Information provided: Begin
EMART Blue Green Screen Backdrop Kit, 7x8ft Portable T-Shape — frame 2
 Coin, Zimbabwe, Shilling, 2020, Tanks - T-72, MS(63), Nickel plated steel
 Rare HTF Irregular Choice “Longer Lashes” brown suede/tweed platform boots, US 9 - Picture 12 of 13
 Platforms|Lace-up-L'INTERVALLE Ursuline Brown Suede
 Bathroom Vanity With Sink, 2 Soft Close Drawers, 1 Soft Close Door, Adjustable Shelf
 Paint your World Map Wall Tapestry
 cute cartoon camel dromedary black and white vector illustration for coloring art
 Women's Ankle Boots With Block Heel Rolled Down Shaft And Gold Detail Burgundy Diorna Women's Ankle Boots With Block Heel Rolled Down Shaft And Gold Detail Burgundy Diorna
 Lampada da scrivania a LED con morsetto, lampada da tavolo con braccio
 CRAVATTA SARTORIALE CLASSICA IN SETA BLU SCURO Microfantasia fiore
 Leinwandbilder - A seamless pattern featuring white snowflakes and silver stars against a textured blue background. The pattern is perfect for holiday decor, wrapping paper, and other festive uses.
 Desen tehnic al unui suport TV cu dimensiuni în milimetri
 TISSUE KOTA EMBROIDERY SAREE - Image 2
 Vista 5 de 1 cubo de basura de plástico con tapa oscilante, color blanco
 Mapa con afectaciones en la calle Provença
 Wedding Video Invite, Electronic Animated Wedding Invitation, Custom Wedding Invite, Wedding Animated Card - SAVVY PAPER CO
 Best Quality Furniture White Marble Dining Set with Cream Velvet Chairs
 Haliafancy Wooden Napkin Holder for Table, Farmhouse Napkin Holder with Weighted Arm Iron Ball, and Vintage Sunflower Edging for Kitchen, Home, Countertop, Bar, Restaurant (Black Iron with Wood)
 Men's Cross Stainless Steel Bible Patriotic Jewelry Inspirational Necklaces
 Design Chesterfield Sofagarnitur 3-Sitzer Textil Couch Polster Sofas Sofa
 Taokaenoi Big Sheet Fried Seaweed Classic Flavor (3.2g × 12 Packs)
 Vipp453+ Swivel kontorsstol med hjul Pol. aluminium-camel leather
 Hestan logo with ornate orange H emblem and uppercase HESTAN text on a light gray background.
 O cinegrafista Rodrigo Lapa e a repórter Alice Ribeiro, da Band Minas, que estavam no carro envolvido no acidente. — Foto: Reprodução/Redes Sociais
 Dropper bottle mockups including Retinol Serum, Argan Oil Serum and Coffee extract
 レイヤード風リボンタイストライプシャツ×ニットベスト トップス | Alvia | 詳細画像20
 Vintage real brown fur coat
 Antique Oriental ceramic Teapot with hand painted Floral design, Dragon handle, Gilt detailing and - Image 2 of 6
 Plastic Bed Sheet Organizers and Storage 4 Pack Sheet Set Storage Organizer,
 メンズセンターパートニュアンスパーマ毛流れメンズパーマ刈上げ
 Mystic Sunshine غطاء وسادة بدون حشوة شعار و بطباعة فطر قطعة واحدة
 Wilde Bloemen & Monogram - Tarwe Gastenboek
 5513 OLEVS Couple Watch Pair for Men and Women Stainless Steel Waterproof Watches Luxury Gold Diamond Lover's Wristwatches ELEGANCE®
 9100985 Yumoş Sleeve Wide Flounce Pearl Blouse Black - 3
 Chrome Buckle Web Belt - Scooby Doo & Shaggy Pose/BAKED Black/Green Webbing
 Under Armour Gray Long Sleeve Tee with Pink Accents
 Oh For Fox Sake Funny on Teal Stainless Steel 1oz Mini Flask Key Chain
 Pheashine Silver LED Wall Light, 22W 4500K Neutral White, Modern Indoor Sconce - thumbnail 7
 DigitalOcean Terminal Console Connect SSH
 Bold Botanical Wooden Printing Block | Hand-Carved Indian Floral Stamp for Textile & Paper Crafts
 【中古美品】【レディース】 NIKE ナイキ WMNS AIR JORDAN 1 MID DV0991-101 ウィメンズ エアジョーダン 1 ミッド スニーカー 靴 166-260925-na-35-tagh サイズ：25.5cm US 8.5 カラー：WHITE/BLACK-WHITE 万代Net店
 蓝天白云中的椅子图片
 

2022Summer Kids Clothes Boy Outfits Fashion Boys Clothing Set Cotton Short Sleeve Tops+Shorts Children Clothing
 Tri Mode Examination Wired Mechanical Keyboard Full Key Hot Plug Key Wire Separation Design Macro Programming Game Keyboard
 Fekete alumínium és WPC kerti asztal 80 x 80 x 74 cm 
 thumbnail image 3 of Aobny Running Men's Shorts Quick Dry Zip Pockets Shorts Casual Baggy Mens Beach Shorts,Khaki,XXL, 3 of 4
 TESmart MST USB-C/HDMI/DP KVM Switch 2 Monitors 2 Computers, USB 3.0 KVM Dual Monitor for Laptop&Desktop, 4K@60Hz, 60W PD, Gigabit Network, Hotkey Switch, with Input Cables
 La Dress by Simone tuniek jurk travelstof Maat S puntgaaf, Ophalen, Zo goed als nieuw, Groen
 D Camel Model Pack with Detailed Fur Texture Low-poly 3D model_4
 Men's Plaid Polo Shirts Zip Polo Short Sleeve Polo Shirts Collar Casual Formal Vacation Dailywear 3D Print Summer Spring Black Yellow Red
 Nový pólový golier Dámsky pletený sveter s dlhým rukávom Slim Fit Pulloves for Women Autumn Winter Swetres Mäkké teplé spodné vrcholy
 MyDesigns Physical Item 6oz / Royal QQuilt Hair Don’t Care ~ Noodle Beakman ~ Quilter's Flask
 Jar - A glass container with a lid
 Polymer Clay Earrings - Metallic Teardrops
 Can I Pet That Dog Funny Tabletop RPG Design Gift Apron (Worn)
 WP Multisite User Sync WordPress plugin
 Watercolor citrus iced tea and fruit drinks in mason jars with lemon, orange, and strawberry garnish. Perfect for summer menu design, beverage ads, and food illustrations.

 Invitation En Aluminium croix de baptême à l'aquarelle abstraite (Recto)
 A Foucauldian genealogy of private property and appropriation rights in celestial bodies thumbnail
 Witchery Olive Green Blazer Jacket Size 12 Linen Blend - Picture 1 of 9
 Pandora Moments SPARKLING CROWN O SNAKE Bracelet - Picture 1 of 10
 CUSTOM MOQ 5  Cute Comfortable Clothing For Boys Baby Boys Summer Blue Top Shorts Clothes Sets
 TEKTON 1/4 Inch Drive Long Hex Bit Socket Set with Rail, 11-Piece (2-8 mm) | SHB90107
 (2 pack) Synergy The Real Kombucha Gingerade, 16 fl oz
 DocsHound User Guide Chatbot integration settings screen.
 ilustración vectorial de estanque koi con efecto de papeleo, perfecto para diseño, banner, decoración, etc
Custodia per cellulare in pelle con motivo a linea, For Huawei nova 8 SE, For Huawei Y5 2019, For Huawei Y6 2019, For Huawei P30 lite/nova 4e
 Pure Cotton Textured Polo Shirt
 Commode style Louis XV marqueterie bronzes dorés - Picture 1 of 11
Information provided: End
Output the records above in full, with nothing altered.

== Task response ==
EMART Blue Green Screen Backdrop Kit, 7x8ft Portable T-Shape — frame 2
 Coin, Zimbabwe, Shilling, 2020, Tanks - T-72, MS(63), Nickel plated steel
 Rare HTF Irregular Choice “Longer Lashes” brown suede/tweed platform boots, US 9 - Picture 12 of 13
 Platforms|Lace-up-L'INTERVALLE Ursuline Brown Suede
 Bathroom Vanity With Sink, 2 Soft Close Drawers, 1 Soft Close Door, Adjustable Shelf
 Paint your World Map Wall Tapestry
 cute cartoon camel dromedary black and white vector illustration for coloring art
 Women's Ankle Boots With Block Heel Rolled Down Shaft And Gold Detail Burgundy Diorna Women's Ankle Boots With Block Heel Rolled Down Shaft And Gold Detail Burgundy Diorna
 Lampada da scrivania a LED con morsetto, lampada da tavolo con braccio
 CRAVATTA SARTORIALE CLASSICA IN SETA BLU SCURO Microfantasia fiore
 Leinwandbilder - A seamless pattern featuring white snowflakes and silver stars against a textured blue background. The pattern is perfect for holiday decor, wrapping paper, and other festive uses.
 Desen tehnic al unui suport TV cu dimensiuni în milimetri
 TISSUE KOTA EMBROIDERY SAREE - Image 2
 Vista 5 de 1 cubo de basura de plástico con tapa oscilante, color blanco
 Mapa con afectaciones en la calle Provença
 Wedding Video Invite, Electronic Animated Wedding Invitation, Custom Wedding Invite, Wedding Animated Card - SAVVY PAPER CO
 Best Quality Furniture White Marble Dining Set with Cream Velvet Chairs
 Haliafancy Wooden Napkin Holder for Table, Farmhouse Napkin Holder with Weighted Arm Iron Ball, and Vintage Sunflower Edging for Kitchen, Home, Countertop, Bar, Restaurant (Black Iron with Wood)
 Men's Cross Stainless Steel Bible Patriotic Jewelry Inspirational Necklaces
 Design Chesterfield Sofagarnitur 3-Sitzer Textil Couch Polster Sofas Sofa
 Taokaenoi Big Sheet Fried Seaweed Classic Flavor (3.2g × 12 Packs)
 Vipp453+ Swivel kontorsstol med hjul Pol. aluminium-camel leather
 Hestan logo with ornate orange H emblem and uppercase HESTAN text on a light gray background.
 O cinegrafista Rodrigo Lapa e a repórter Alice Ribeiro, da Band Minas, que estavam no carro envolvido no acidente. — Foto: Reprodução/Redes Sociais
 Dropper bottle mockups including Retinol Serum, Argan Oil Serum and Coffee extract
 レイヤード風リボンタイストライプシャツ×ニットベスト トップス | Alvia | 詳細画像20
 Vintage real brown fur coat
 Antique Oriental ceramic Teapot with hand painted Floral design, Dragon handle, Gilt detailing and - Image 2 of 6
 Plastic Bed Sheet Organizers and Storage 4 Pack Sheet Set Storage Organizer,
 メンズセンターパートニュアンスパーマ毛流れメンズパーマ刈上げ
 Mystic Sunshine غطاء وسادة بدون حشوة شعار و بطباعة فطر قطعة واحدة
 Wilde Bloemen & Monogram - Tarwe Gastenboek
 5513 OLEVS Couple Watch Pair for Men and Women Stainless Steel Waterproof Watches Luxury Gold Diamond Lover's Wristwatches ELEGANCE®
 9100985 Yumoş Sleeve Wide Flounce Pearl Blouse Black - 3
 Chrome Buckle Web Belt - Scooby Doo & Shaggy Pose/BAKED Black/Green Webbing
 Under Armour Gray Long Sleeve Tee with Pink Accents
 Oh For Fox Sake Funny on Teal Stainless Steel 1oz Mini Flask Key Chain
 Pheashine Silver LED Wall Light, 22W 4500K Neutral White, Modern Indoor Sconce - thumbnail 7
 DigitalOcean Terminal Console Connect SSH
 Bold Botanical Wooden Printing Block | Hand-Carved Indian Floral Stamp for Textile & Paper Crafts
 【中古美品】【レディース】 NIKE ナイキ WMNS AIR JORDAN 1 MID DV0991-101 ウィメンズ エアジョーダン 1 ミッド スニーカー 靴 166-260925-na-35-tagh サイズ：25.5cm US 8.5 カラー：WHITE/BLACK-WHITE 万代Net店
 蓝天白云中的椅子图片
 

2022Summer Kids Clothes Boy Outfits Fashion Boys Clothing Set Cotton Short Sleeve Tops+Shorts Children Clothing
 Tri Mode Examination Wired Mechanical Keyboard Full Key Hot Plug Key Wire Separation Design Macro Programming Game Keyboard
 Fekete alumínium és WPC kerti asztal 80 x 80 x 74 cm 
 thumbnail image 3 of Aobny Running Men's Shorts Quick Dry Zip Pockets Shorts Casual Baggy Mens Beach Shorts,Khaki,XXL, 3 of 4
 TESmart MST USB-C/HDMI/DP KVM Switch 2 Monitors 2 Computers, USB 3.0 KVM Dual Monitor for Laptop&Desktop, 4K@60Hz, 60W PD, Gigabit Network, Hotkey Switch, with Input Cables
 La Dress by Simone tuniek jurk travelstof Maat S puntgaaf, Ophalen, Zo goed als nieuw, Groen
 D Camel Model Pack with Detailed Fur Texture Low-poly 3D model_4
 Men's Plaid Polo Shirts Zip Polo Short Sleeve Polo Shirts Collar Casual Formal Vacation Dailywear 3D Print Summer Spring Black Yellow Red
 Nový pólový golier Dámsky pletený sveter s dlhým rukávom Slim Fit Pulloves for Women Autumn Winter Swetres Mäkké teplé spodné vrcholy
 MyDesigns Physical Item 6oz / Royal QQuilt Hair Don’t Care ~ Noodle Beakman ~ Quilter's Flask
 Jar - A glass container with a lid
 Polymer Clay Earrings - Metallic Teardrops
 Can I Pet That Dog Funny Tabletop RPG Design Gift Apron (Worn)
 WP Multisite User Sync WordPress plugin
 Watercolor citrus iced tea and fruit drinks in mason jars with lemon, orange, and strawberry garnish. Perfect for summer menu design, beverage ads, and food illustrations.

 Invitation En Aluminium croix de baptême à l'aquarelle abstraite (Recto)
 A Foucauldian genealogy of private property and appropriation rights in celestial bodies thumbnail
 Witchery Olive Green Blazer Jacket Size 12 Linen Blend - Picture 1 of 9
 Pandora Moments SPARKLING CROWN O SNAKE Bracelet - Picture 1 of 10
 CUSTOM MOQ 5  Cute Comfortable Clothing For Boys Baby Boys Summer Blue Top Shorts Clothes Sets
 TEKTON 1/4 Inch Drive Long Hex Bit Socket Set with Rail, 11-Piece (2-8 mm) | SHB90107
 (2 pack) Synergy The Real Kombucha Gingerade, 16 fl oz
 DocsHound User Guide Chatbot integration settings screen.
 ilustración vectorial de estanque koi con efecto de papeleo, perfecto para diseño, banner, decoración, etc
Custodia per cellulare in pelle con motivo a linea, For Huawei nova 8 SE, For Huawei Y5 2019, For Huawei Y6 2019, For Huawei P30 lite/nova 4e
 Pure Cotton Textured Polo Shirt
 Commode style Louis XV marqueterie bronzes dorés - Picture 1 of 11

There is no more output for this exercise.